GitVersion is a command line tool and an open source project that can be found on GitHub: https://github.com/GitTools/GitVersion This is the one that I have been using which is written in C# but I did notice as I was doing a search for it that there are many others that are derived or forked from this project. However, this is the one that I will be talking about here as it is the one I am most familiar with. The tool itself can be motivated to work a number of different ways. If you use tags it will make calculations from the tags or if you use a release branch with a version number it will work with that. For complete gitVersion documentation checkout their documentation pages: https://gitversion.net/docs/ For the rest of this post I will describe how I have been using it.

YAML File and Branches

To start I use two types of topic branches. What I refer to as a topic branch is any branch that is pulled from the master branch to do some work. When the work has been completed and tested there is a pull request to get it back into master which is where the final build would be created from and then move down the pipeline to possibly getting into Production. I use two prefixes for my topic branches:

  • feature
  • hotfix

Then they are followed by a forward slash “/” and then a work item number or a short description of what I am doing in this branch. Finally there is a yaml file that sits in the root of my repository called GitVersion.yml and here is the content of what you might find in there.

mode: Mainline
next-version: 1.2.0
branches:
  feature:
    tag: alpha
  hotfix:
    tag: beta
  master:
    tag: ''

GitVersion has 3 modes in which it can operate on and if you look at the documentation it gives you a pretty clear picture of what they are all about. I am using Mainline mode because I am basically working in a similar flow to GitHubFlow which is working off of master. I pull my topic branch to do my work and then pull request to get it back into the master branch. When I first started working with this tool, that was the version that I wanted gitVersion to calculate from. It makes a calculation from every commit. In the next section I have my branches defined and what tag (suffix) I should put at the end of the calculated version number. As you can see master is an empty tag so I don’t get any of the pre-release symbols on it.

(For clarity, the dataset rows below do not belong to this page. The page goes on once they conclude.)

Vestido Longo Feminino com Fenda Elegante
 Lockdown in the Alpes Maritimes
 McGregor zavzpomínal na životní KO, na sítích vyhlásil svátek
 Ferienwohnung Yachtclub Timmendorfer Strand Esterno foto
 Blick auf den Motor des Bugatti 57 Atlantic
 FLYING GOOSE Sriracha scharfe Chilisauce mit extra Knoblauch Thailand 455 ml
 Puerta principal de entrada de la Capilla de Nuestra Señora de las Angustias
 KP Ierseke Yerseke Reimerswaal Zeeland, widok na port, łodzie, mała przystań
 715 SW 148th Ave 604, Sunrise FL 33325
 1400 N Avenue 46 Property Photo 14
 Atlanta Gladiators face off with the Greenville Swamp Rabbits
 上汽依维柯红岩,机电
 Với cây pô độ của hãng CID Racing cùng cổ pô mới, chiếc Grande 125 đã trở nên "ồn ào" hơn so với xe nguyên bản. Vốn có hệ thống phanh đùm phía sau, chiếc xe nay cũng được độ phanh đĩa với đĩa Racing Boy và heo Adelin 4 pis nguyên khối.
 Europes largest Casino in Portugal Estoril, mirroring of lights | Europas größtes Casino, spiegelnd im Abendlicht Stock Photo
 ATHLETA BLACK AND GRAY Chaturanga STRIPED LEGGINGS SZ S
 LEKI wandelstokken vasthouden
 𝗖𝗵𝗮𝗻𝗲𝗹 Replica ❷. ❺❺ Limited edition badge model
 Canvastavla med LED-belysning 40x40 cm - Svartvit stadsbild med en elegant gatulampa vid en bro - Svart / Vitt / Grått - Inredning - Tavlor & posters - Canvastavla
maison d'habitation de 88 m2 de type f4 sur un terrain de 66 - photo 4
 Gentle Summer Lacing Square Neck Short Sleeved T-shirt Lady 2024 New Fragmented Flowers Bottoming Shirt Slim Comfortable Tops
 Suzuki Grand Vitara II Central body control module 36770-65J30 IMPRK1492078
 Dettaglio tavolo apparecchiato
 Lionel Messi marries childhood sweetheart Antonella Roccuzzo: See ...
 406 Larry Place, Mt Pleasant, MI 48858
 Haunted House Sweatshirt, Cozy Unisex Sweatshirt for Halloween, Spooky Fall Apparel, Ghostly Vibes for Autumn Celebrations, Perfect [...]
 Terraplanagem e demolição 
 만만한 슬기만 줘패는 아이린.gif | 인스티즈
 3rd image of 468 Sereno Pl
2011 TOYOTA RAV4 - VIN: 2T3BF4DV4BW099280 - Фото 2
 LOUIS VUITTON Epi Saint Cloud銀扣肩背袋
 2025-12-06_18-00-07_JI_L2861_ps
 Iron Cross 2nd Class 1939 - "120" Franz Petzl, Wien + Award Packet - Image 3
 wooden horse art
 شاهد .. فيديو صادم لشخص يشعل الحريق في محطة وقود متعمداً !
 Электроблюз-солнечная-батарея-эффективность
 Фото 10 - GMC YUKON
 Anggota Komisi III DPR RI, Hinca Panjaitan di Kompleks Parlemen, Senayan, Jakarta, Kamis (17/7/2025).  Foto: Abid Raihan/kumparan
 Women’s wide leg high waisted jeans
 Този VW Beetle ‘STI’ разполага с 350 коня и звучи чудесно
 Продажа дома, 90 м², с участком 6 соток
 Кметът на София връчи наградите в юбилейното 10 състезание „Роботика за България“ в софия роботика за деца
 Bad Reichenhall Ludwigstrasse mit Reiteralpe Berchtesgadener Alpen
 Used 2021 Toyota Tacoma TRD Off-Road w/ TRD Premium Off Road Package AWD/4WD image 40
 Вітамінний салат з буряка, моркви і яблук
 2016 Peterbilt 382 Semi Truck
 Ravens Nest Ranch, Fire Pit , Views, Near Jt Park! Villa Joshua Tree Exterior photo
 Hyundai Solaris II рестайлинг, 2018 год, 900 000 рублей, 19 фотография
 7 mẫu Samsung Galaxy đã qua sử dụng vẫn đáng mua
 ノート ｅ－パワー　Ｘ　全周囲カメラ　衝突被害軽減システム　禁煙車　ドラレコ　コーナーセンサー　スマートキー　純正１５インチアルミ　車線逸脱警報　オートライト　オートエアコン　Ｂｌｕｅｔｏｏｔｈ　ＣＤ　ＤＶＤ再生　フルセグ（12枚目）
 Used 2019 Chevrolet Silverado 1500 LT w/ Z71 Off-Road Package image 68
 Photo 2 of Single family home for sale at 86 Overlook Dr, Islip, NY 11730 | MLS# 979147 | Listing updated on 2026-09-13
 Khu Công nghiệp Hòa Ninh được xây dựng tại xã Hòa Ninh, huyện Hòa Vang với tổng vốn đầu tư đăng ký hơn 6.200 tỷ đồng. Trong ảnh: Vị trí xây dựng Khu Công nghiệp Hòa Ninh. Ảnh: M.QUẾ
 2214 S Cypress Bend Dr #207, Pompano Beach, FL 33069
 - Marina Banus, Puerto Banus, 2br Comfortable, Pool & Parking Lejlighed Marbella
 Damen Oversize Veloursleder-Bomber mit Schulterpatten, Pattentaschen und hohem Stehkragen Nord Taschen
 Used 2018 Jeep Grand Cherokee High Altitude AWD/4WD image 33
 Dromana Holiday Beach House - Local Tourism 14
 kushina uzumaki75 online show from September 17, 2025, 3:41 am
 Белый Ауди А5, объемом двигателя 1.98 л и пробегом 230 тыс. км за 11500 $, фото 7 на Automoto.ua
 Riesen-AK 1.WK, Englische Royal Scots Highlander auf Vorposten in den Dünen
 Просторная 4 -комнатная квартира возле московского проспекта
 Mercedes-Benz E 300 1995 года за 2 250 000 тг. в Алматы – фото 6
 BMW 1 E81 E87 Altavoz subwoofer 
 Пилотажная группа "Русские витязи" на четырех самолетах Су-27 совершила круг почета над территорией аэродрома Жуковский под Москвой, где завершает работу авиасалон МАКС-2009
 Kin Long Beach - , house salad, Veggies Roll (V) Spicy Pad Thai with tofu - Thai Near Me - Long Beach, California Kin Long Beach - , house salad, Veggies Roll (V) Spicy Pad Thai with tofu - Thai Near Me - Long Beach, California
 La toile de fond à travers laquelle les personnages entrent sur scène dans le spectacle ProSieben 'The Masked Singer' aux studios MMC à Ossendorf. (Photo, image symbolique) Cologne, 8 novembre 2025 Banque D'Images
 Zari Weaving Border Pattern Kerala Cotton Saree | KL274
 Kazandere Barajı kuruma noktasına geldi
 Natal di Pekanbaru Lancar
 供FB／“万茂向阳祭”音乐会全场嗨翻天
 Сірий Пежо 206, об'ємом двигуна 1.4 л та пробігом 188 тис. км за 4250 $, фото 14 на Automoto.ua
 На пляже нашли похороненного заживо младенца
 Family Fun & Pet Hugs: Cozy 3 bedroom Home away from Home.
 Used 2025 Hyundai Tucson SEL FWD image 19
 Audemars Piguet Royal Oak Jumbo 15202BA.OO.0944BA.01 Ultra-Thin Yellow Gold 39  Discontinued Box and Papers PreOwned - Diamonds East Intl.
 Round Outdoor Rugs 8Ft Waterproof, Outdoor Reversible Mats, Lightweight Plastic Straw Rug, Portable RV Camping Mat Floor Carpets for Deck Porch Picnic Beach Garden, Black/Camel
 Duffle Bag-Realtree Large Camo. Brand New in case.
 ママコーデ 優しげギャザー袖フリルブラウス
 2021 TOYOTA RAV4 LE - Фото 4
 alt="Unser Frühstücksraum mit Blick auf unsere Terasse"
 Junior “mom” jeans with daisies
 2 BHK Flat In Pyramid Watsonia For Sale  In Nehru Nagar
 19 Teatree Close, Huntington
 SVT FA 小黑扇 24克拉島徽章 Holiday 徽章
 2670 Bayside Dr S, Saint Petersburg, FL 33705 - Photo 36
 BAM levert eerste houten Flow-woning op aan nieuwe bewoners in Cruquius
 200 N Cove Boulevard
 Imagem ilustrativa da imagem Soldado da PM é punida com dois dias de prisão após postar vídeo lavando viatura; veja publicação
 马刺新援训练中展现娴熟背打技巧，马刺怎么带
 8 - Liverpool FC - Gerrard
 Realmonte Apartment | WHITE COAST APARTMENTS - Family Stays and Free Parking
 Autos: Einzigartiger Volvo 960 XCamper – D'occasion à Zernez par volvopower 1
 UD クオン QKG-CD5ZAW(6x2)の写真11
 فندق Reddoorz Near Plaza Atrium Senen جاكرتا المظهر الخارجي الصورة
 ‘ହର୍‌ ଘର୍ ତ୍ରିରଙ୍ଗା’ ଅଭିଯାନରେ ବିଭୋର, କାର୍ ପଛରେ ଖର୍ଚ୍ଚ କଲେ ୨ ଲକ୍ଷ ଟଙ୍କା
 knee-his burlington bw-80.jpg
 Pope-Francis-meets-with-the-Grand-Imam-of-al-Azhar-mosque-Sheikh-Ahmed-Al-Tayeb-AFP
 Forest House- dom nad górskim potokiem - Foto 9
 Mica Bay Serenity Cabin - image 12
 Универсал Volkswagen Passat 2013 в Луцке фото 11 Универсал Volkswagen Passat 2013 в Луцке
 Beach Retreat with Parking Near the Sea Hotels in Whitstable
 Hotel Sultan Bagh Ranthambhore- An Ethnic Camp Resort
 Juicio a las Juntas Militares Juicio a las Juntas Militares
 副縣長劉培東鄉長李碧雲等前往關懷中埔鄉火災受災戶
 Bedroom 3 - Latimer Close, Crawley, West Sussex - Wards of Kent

Caveat and Simple Solution

One of the things that I did have a problem with using the Mainline mode is getting it to recognize that this was a new branch and therefore a new feature or hotfix but it does not. I did not want to use tags or a release branch as that is not how I want to work. I want these features and bug fixes to go out one at a time and as soon as they are ready.

My simple fix is just to have somewhere included in my first commit comment one of the following statements

  • +semver: feature
  • +semver: fix
  • +semver: broken

Feature will increment the minor number, fix will increment the patch number, and broken will increment the Major number.

This is how I use gitVersion to manage my version/build numbers and maybe one day I will still build that api so that I will never have to think about this again but until then this works just fine for me and I hope that maybe you can use some of these ideas in your own builds and releases.